A Native American, Wells was already on probation for using a baseball bat to break the arm of a man who refused to fight him in June 2002, and was to be tried on April for criminal possession of dangerous drugs with intent to distribute.

The association of white supremacists with the breeding of fighting dogs was again exposed on March 14 in San Francisco, when attorneys for Marjorie Knoller, 49, asked the California First District Court of Appeal to reverse her involuntary manslaughter conviction for the January 2001 dog-mauling death of neighbor Diane Whipple, 33. On the same day, the prosecution asked the same court to reinstate a second degree murder conviction against Knoller, set aside by trial judge James Warren before she was sentenced. Knoller’s husband, Robert Noel, 63, was also convicted of involuntary manslaughter, and has also appealed.

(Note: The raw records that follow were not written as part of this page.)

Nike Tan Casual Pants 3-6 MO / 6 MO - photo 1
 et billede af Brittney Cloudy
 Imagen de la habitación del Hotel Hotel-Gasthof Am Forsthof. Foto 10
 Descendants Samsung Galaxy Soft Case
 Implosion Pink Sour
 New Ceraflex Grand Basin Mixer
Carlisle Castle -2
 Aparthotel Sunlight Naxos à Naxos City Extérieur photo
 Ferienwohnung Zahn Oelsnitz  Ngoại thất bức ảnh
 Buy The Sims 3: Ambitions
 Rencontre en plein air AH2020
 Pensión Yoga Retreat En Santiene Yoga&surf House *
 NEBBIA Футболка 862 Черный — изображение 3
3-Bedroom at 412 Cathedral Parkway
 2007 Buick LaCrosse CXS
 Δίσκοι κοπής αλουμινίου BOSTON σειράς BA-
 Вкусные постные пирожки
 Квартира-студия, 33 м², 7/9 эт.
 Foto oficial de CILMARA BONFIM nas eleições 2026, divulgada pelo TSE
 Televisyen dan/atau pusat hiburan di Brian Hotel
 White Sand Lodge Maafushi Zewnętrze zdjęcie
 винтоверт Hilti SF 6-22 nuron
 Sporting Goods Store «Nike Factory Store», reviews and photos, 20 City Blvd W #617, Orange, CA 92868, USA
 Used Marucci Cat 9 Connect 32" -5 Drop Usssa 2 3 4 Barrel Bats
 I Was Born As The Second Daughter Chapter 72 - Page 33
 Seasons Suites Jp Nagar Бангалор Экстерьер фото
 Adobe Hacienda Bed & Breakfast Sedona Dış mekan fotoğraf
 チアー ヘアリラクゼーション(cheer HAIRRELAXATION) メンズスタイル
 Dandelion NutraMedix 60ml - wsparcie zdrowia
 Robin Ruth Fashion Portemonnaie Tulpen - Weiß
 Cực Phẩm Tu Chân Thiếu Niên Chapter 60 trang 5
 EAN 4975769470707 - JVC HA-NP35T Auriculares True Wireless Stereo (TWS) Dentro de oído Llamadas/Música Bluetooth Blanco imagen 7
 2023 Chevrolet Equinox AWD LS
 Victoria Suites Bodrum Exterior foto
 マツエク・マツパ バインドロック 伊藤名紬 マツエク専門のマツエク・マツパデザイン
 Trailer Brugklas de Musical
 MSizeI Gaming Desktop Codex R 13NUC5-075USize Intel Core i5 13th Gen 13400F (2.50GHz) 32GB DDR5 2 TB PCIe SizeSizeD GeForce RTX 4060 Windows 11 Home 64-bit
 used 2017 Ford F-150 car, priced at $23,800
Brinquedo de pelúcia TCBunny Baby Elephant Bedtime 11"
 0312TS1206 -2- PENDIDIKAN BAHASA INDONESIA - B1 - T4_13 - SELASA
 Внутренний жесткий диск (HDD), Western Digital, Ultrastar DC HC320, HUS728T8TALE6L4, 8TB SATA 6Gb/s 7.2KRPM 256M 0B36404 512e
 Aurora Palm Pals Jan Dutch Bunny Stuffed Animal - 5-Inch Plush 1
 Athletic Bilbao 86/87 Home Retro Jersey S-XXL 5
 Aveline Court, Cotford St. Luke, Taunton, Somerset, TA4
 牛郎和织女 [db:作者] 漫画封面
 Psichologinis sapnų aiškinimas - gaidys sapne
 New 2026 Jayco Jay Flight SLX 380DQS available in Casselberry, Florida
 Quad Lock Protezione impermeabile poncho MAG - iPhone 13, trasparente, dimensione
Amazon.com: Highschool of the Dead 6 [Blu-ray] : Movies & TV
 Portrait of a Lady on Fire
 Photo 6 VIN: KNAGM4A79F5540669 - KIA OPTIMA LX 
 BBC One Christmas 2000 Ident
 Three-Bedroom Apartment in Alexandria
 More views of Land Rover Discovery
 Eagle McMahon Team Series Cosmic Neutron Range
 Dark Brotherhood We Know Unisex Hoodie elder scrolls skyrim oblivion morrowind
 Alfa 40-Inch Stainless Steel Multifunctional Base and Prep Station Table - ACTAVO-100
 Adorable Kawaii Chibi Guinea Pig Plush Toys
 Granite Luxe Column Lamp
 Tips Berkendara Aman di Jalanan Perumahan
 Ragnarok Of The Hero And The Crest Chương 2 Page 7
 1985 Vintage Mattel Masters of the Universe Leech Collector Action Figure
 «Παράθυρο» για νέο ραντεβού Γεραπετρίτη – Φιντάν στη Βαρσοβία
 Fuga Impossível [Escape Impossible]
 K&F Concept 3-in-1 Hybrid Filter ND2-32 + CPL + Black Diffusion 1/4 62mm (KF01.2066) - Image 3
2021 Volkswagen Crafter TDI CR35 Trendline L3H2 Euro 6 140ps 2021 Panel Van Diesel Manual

Summarized Associated Press legal affairs writer David Kravets, “Knoller and Robert Noel were keeping a pair of Presa Canarios [a mix of pit bull and mastiff developed for dogfighting in the Canary Islands] for a white supremacist prison inmate when the dogs attacked Whipple.” The inmate, reputed Aryan Brotherhood kingpin Paul Schneider, 42, is serving a life sentence.

“Noel’s attorney claims that Noel being portrayed as a white supremacist sympathizer prejudiced the jury. Knoller also makes that claim,” Kravets wrote.

Both Knoller and Noel, now disbarred, were attorneys who represented Schneider and other alleged Aryan Brother-hood members.

A disbarred attorney and two Presa Canarios, also called bull mastiffs, were also involved on February 28, 2005, when Paul E. Meyer, 57, drew 10 days in jail from Akron Municipal Court Judge Alison McCarty, after a year-long court battle.

In May 2003, Meyer’s two dogs mauled a neighbor’s golden retriever in Bath Township, an Akron suburb, then bit and flattened a tire of an investigating police officer’s cruiser. These were the eighth and ninth reported violent incidents involving the dogs since June 2000. Convicted on two counts of failing to restrain a dangerous dog and one count of failing to register a dog, all misdemeanors, Meyer appealed unsuccessfully to the Ninth District Court of Appeals and the Ohio Supreme Court.

Meyer’s license to practice law was suspended in 1997 after he admitted having a drug abuse problem and pleaded guilty to grand theft and trafficking in food stamps. Meyer was investigated for violating the suspension in 2000 after appearing in federal court with a man who was accused of urinating on a park ranger’s car.